Adopting a business model and becoming a social venture is the strategy of choice for them because emerging social ventures can embrace alternative funding sources, such as from trading and market revenues (Froelich, 1999), and invite social financial investors (Austin et al., 2006; Miller and Wesley, 2010). Seeking profit and opening up to social investors allows the emerging social ventures to survive and to grow (Vickers and Lyon, 2014). In fact, the proponents of the marketization of non-profits believe that more beneficiaries will benefit from this particular approach (e.g. Shoham et al., 2006).
In the social entrepreneurship literature, much research has placed significant emphasis on this matter. Authors have investigated various income-generation strategies that non-profits may adopt (e.g. Khieng, 2013), discussed the definitions and the nature (e.g. Dart, 2004; Kerlin and Pollak, 2011) and the processes and the performance of this transformation (e.g. Davis et al., 2011; Gras and Mendoza-Abarca, 2014; Guo, 2006). This “earned income school of thought” in the social entrepreneurship literature discusses broadly “the use of commercial activities by non-profit organizations in support of their mission” (Defourny and Nyssens, 2010, p. 40).

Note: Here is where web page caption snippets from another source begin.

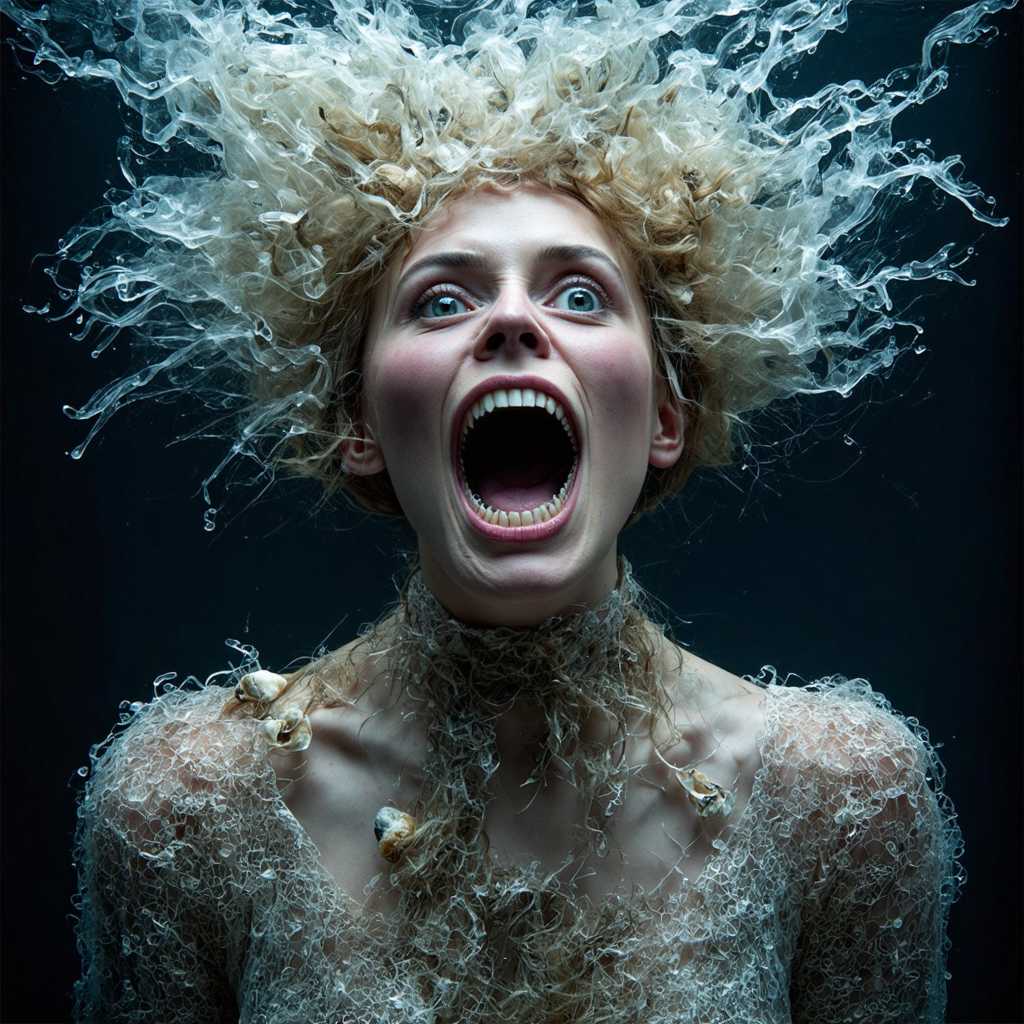 Imagine a visage that defies the ordinary, a canvas of the bizarre where nature and the macabre intertwine. The subject's hair, a cascade of white strands, seems to have taken on a life of its own, entwined with an assortment of sea creatures. These include ghostly fish, their eyes wide and staring, as if caught in a moment of surprise. Their scales shimmer with a translucent quality, revealing the inner workings of their skeletal frames.  The hair itself is a tangle of sharp, needle-like objects, each one piercing through the strands like icicles, giving the hair a spiky texture. Amongst these, there are clusters of shells, their interiors exposed, as if the creatures within have been hollowed out and left to dry. These shells come in a variety of shapes and sizes, some with patterns that resemble the ocean floor.  The skin of the subject is a patchwork of textures, from the roughness of the shells to the smooth, almost glass-like surfaces of the fish scales. There are protrusions that resemble barnacles, their claws gripping onto the skin, as if anchoring the subject to the depths of the sea.  The subject's mouth is wide open, as if in mid-shout or scream, and within the gaping maw, there are more fish, their fins spread out as if in a final, desperate attempt to escape. The teeth, if they can be called that, are sharp and jagged, reminiscent of shark teeth, and they are covered in barnacles and seaweed.  The subject is dressed in a garment that seems to be a blend of traditional and fantastical elements. The collar is adorned with lace and what appears to be dried seaweed, while the sleeves are embellished with what look like sea creatures, their tentacles and fins reaching outwards.  Overall, the image is a surreal and haunting portrayal of a being that seems to be both a part of the sea and separate from it, a creature that has been sculpted by the ocean's depths and the relentless passage of time.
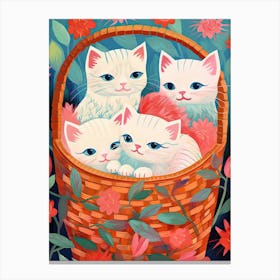 White Kittens In A Basket Kitsch 4 Canvas Print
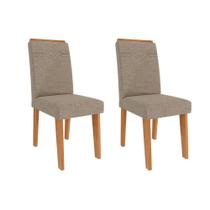 Kit 2 Cadeiras de Cozinha Taís 2 Un Cinamomo/Linho Bege - Cimol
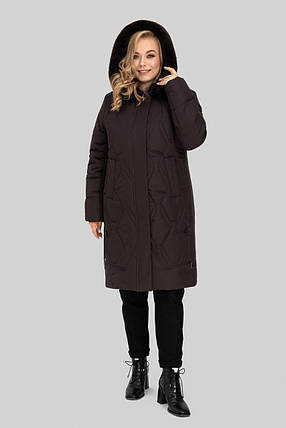 Стильне зимове жіноче пальто Евеліна, р-ри 50-60, фото 1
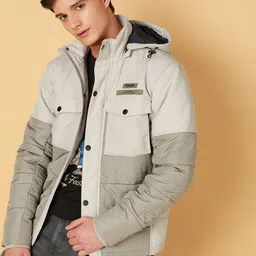 Wrangler Colourblocked Hooded Puffer Jacket image 1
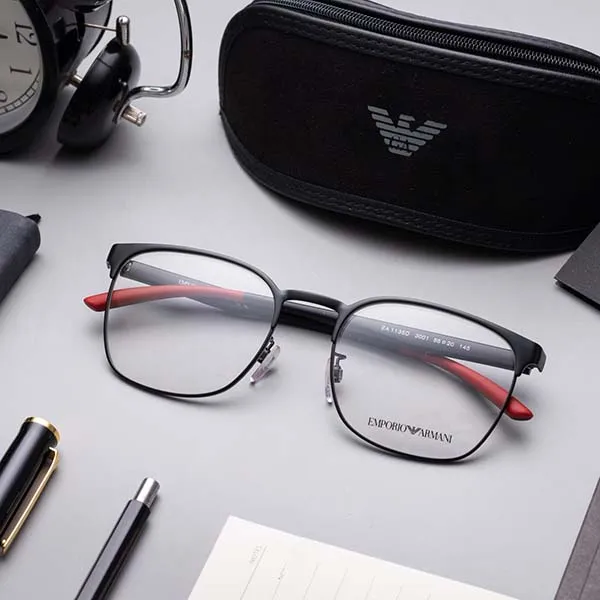 Kính Mắt Cận Emporio Armani Men’s Square Glasses 0EA1135D_300155.C Màu Đen Đỏ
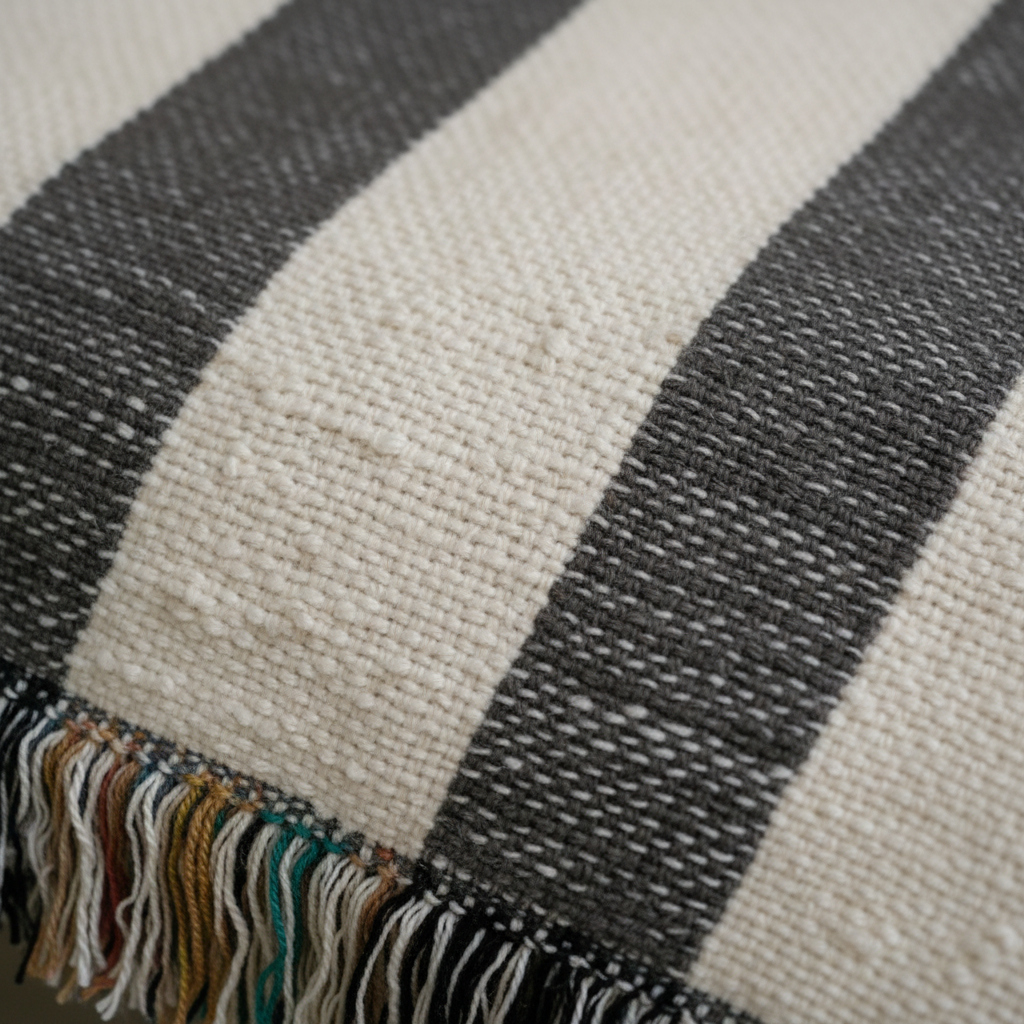 Custom Name And Year Black White Stripes Woven Blanket – Personalized Gift for Couples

Yet, despite extensive discussions and research on how non-profits become social ventures, there is surprisingly limited research that focuses on the effective types of business models that these transforming non-profits may adopt. Defined as “the system of interdependent activities performed by a focal firm and its partners and the mechanisms that link these activities to each other” (Amit and Zott, 2015, p. 331), business models of social ventures essentially describe how...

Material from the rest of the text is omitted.